# [YOUR TASK]
What you return should match the data below exactly, with no pictures in it.

(Pictures with short captions)

⟨

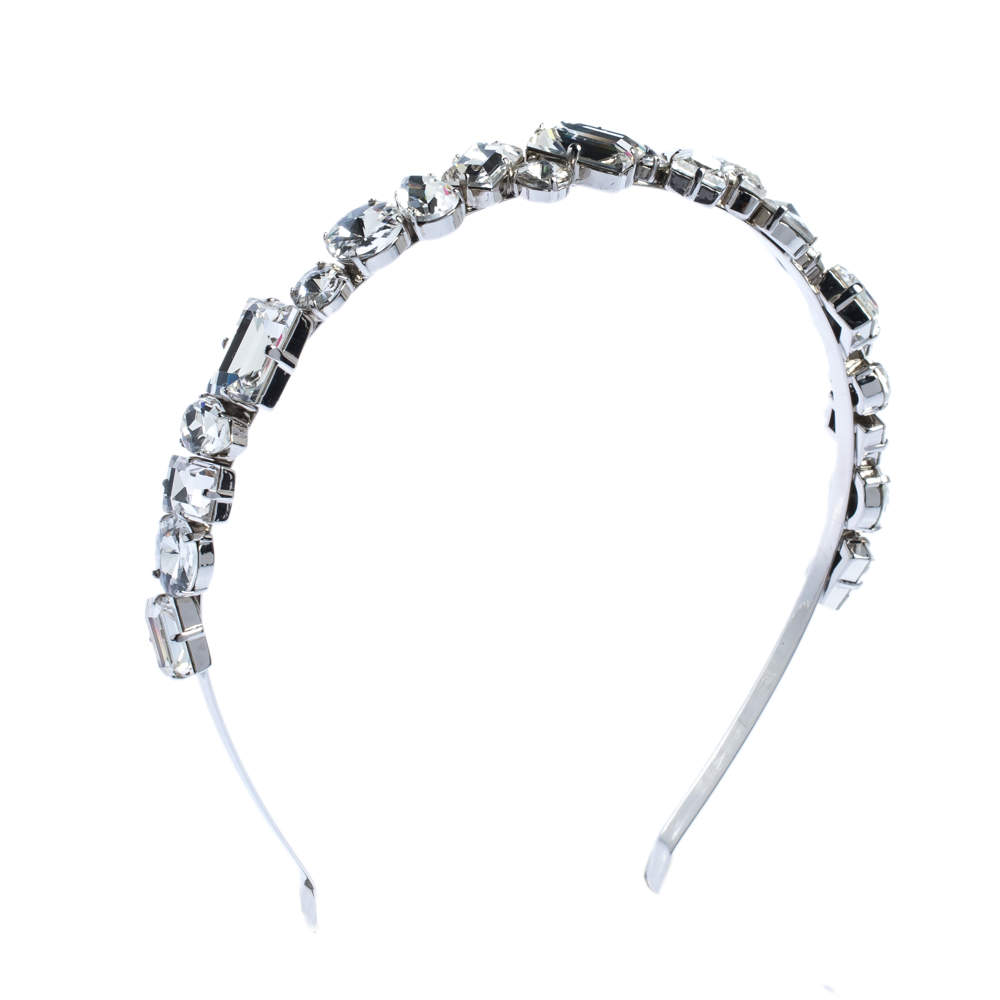 Miu Miu Silver Tone Crystal Embellished Head Band
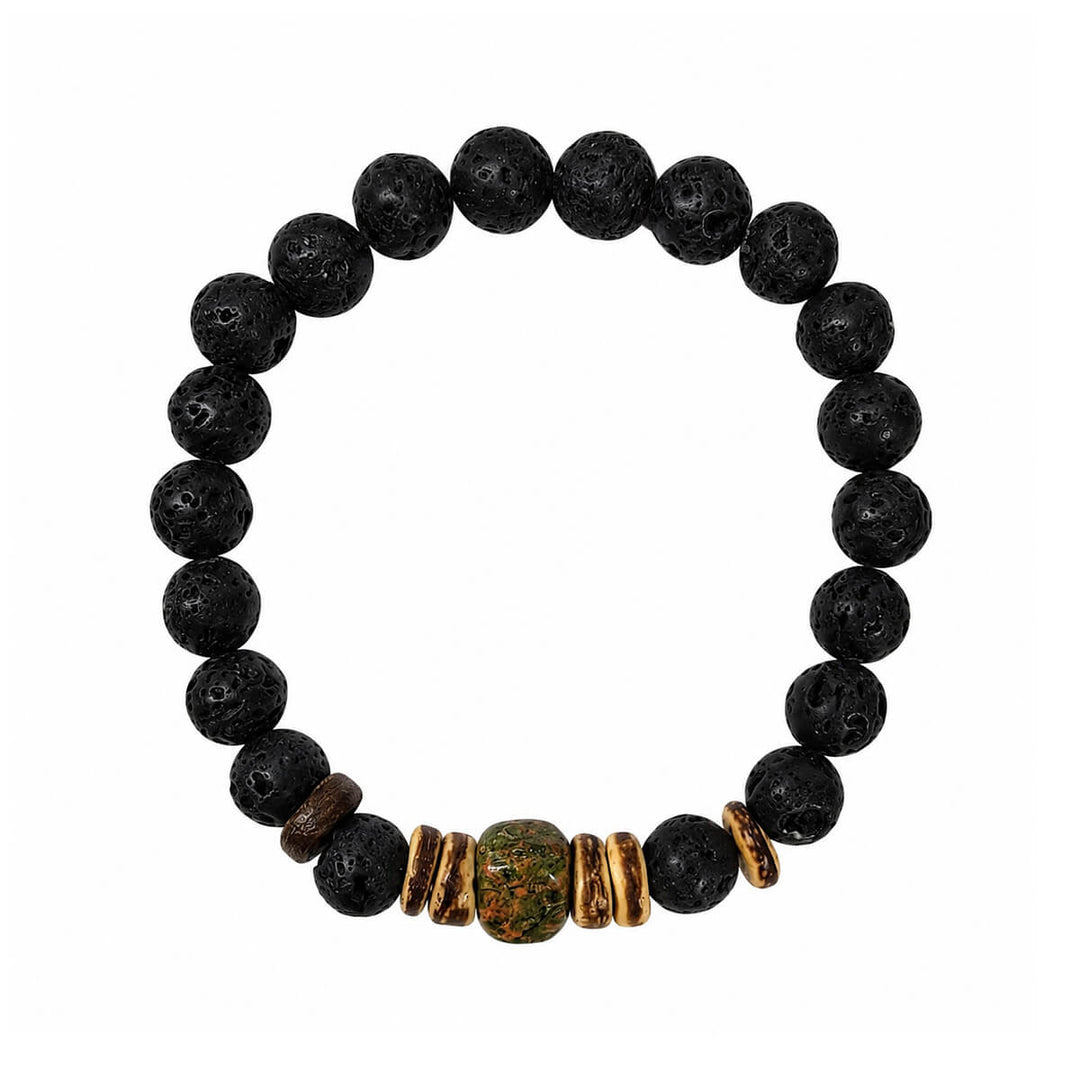 Armband av lavasten med färgade stenpärlor, 9 mm
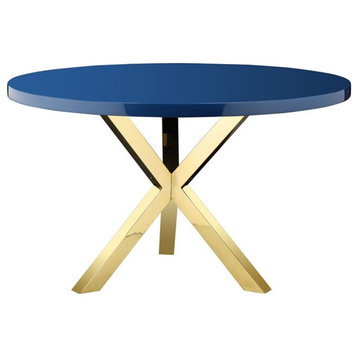 Pangea Home Remi Modern Lacquer & Polished Steel Metal Dining Table in Navy/Gold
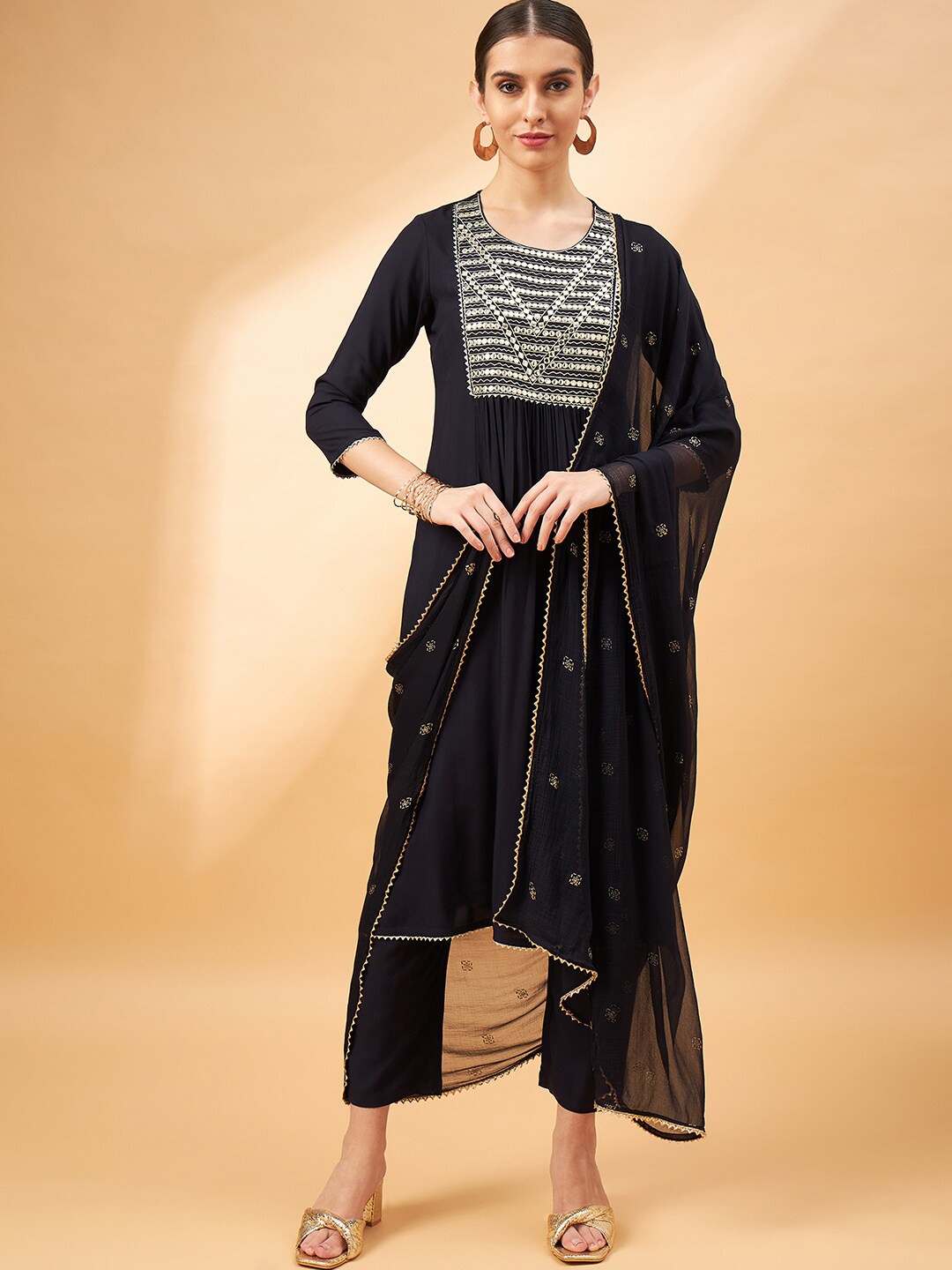 all about you Embroidered Mirror Work Pleated Round Neck Kurta with Trouser & Dupatta, Navy blue
all about you Embroidered Mirror Work Pleated Round Neck Kurta with Trouser & Dupatta, Navy blue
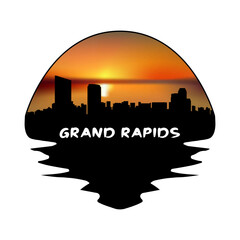 Grand Rapids Michigan USA Skyline Silhouette Retro Vintage Sunset Grand Rapids Lover Travel Souvenir Sticker Vector Illustration SVG EPS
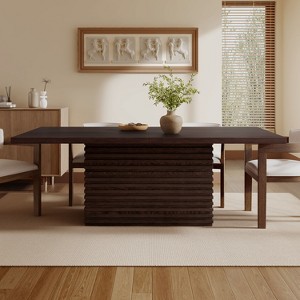84" Coad Rectangular Dining Table, Pillar Base Design, Seats 6-8, Versatile Use, Light Natural-- Frevyn - 1 of 4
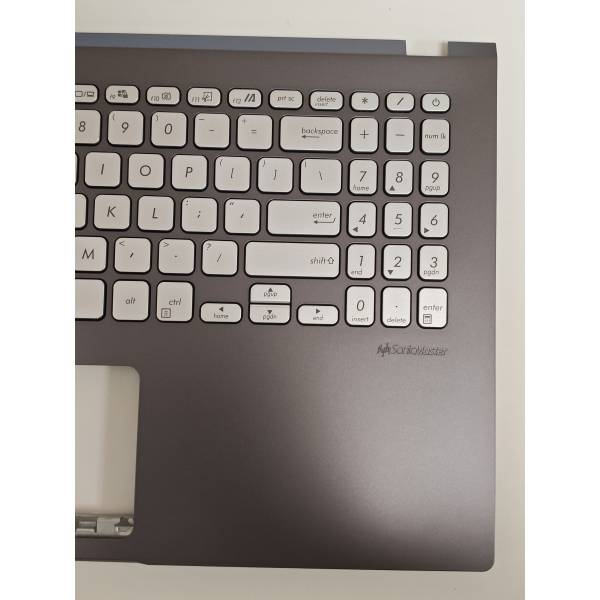 Carcasa superioara cu tastatura palmrest Laptop, Asus, VivoBook 15 X509F, X509FA, X509FAC, X509FB, X509FJ, X509FL, 90NB0P22-R33US0, 13NB0MZ2P02017-3, 13NB0MZ0M05X11, 13N1-AHA0D11, X509DJ-1G, iluminata, gri, layout US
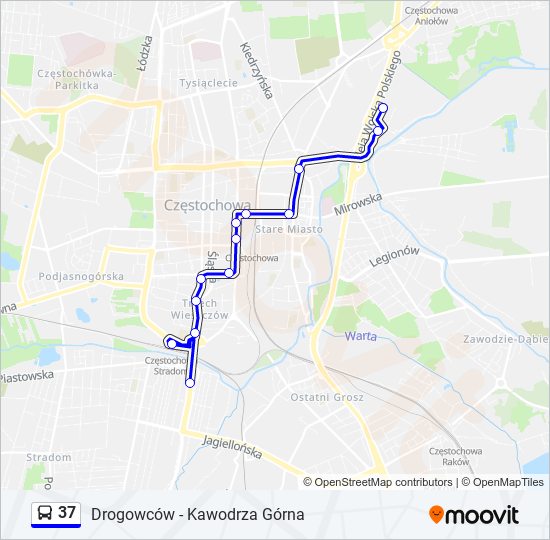 Mapa linii autobus 37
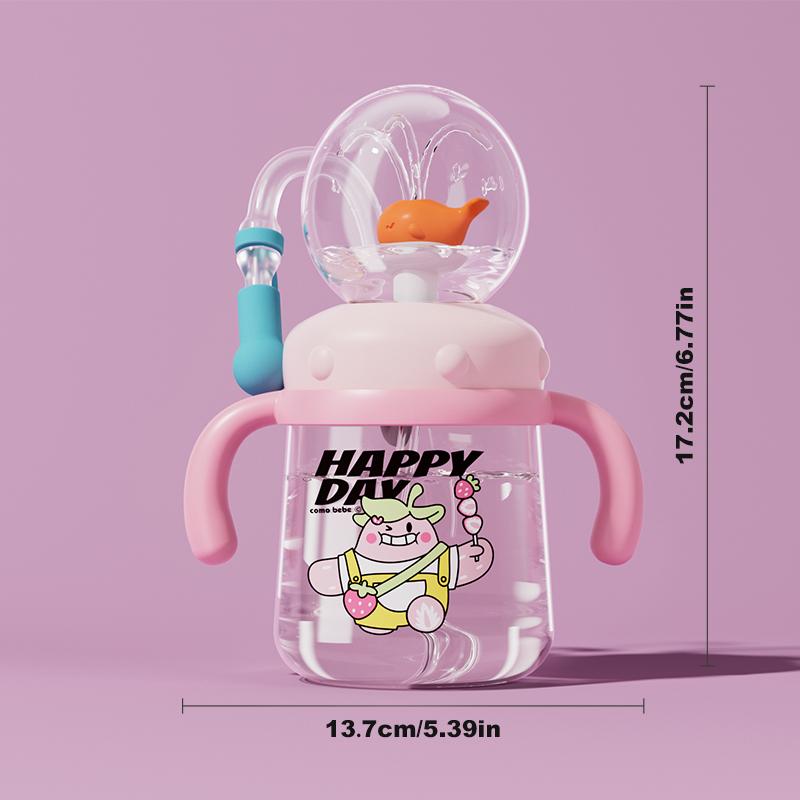 【COMOBEBE】10oz Spill-Proof Tritan Rocket Ship & Whale Fountain Sippy Cup – BPA-Free, Soft Straw, Fun Spray Design, Dishwasher Safe, Perfect for Kids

⟩

# [EXERCISE RESULT]
 Miu Miu Silver Tone Crystal Embellished Head Band
 Armband av lavasten med färgade stenpärlor, 9 mm
 Pangea Home Remi Modern Lacquer & Polished Steel Metal Dining Table in Navy/Gold
 all about you Embroidered Mirror Work Pleated Round Neck Kurta with Trouser & Dupatta, Navy blue
all about you Embroidered Mirror Work Pleated Round Neck Kurta with Trouser & Dupatta, Navy blue
 Grand Rapids Michigan USA Skyline Silhouette Retro Vintage Sunset Grand Rapids Lover Travel Souvenir Sticker Vector Illustration SVG EPS
84" Coad Rectangular Dining Table, Pillar Base Design, Seats 6-8, Versatile Use, Light Natural-- Frevyn - 1 of 4
 Carcasa superioara cu tastatura palmrest Laptop, Asus, VivoBook 15 X509F, X509FA, X509FAC, X509FB, X509FJ, X509FL, 90NB0P22-R33US0, 13NB0MZ2P02017-3, 13NB0MZ0M05X11, 13N1-AHA0D11, X509DJ-1G, iluminata, gri, layout US
 Mapa linii autobus 37
 【COMOBEBE】10oz Spill-Proof Tritan Rocket Ship & Whale Fountain Sippy Cup – BPA-Free, Soft Straw, Fun Spray Design, Dishwasher Safe, Perfect for Kids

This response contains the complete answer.